- Born: 17 January 1952 (age 74) Lahore, Pakistan
- Education: University of Engineering and Technology, Lahore, Pakistan University of Massachusetts Amherst, USA
- Known for: Computer Development
- Scientific career
- Fields: Electrical and Computer Engineering
- Workplaces: University of Engineering and Technology, Lahore National Aeronautics and Space Administration Electrotechnical Laboratory in Tsukuba, Japan University of Stuttgart, Germany University of Vienna, Austria

= Shahid Hussain Bokhari =

Pakistani computer scientist

Shahid H. Bokhari (born 17 January 1952 in Lahore, Pakistan) is a highly cited Pakistani researcher in the field of parallel and distributed computing.
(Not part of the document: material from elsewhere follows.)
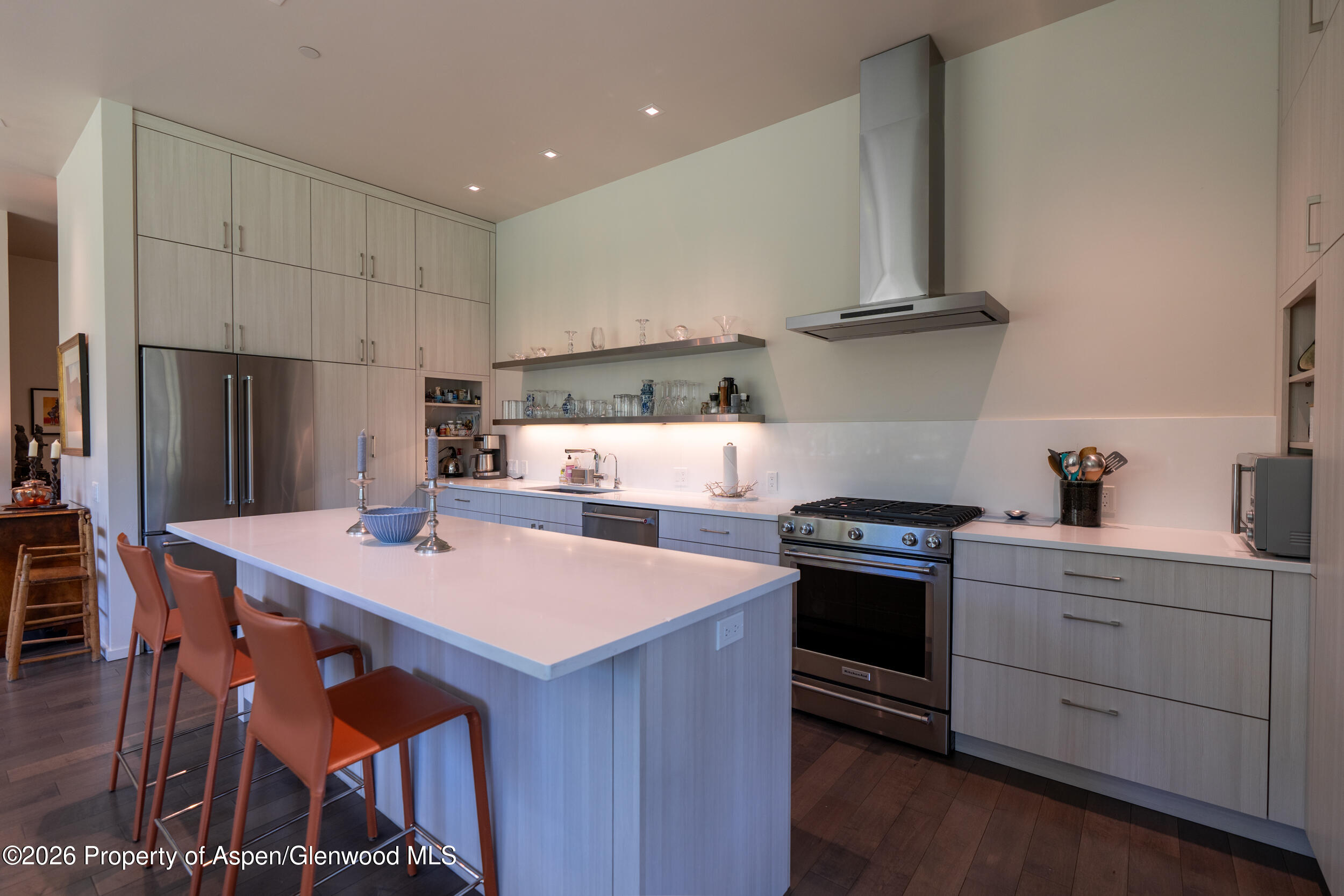 102 Evans Road, Unit 101 Basalt, CO 81621 - Photo 5 of 15 kitchen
He is a fellow of both IEEE and ACM. Bokhari's ACM Fellow citation states that he received the award for his "research contributions to automatic load balancing and partitioning of distributed processes", while his IEEE Fellow award recognises his "contributions to the mapping problem in parallel and distributed computing".

At the time of his retirement in 2005, Bokhari was the only IEEE/ACM Fellow and the only Pakistani ISI Highly Cited Researcher resident in Pakistan. Bokhari's resignation led to a letter-writing campaign by several of his former students who were dismayed at what they claimed to be mismanagement at the state-run Pakistani universities.

==Early life and education==
Bokhari was born on 17 January, 1952 in Lahore, Pakistan. He is the son of Mr. Riyaz Hussain Bokhari, who was a federal secretary, Auditor General of Pakistan, chairman of the National Fertilizer Corporation (NFC) and also worked at the Packages Group, Pakistan.

His daughter, Saniyah S. Bokhari, has also published in the field of high-performance computing

Bokhari received his B.Sc. in electrical engineering from the University of Engineering and Technology, Lahore in 1974.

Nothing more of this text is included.